Type: | Bishop |
Honorific-Prefix: | Most Reverend |
Filippo della Torre | |
Bishop of Adria | |
Church: | Catholic Church |
Diocese: | Diocese of Adria |
Term: | 1702-1717 |
Predecessor: | Carlo Labia |
Successor: | Antonio Vaira |
Consecration: | 19 March 1702 |
Birth Date: | 1 May 1657 |
Birth Place: | Cividale del Friuli, Republic of Venice |
Death Place: | Rovigo, Republic of Venice |
Filippo della Torre (1 May 1657 – 25 February 1717) was an Italian humanist, antiquarian and Roman Catholic prelate who served as Bishop of Adria (1702-1717).[1]
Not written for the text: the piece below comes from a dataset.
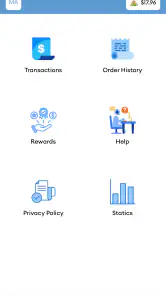 SMS Virtual - Receive SMS screenshot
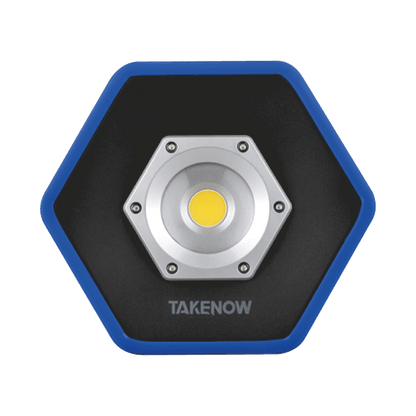 TAKENOW - FLOOD & AREA LIGHT - TK-WL4018-FL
Filippo della Torre was born in 1657, of a noble family at Cividale del Friuli. His connexions with Ottavio Ferrari, one of the most distinguished Italian philologists, increased his natural taste for that study. Having settled at Rome, he gained the esteem and friendship of the cardinals Imperiali and Noris, pope Innocent XII and Clement XI. While at Rome he published a work on the antiquities of Antium, Monumenta veteris Antii, which was much esteemed by contemporary scholars.[2] On 19 March 1702, he was consecrated Bishop of Adria. He served in that position until his death in 1717. Girolamo Lioni wrote a biography of Filippo della Torre.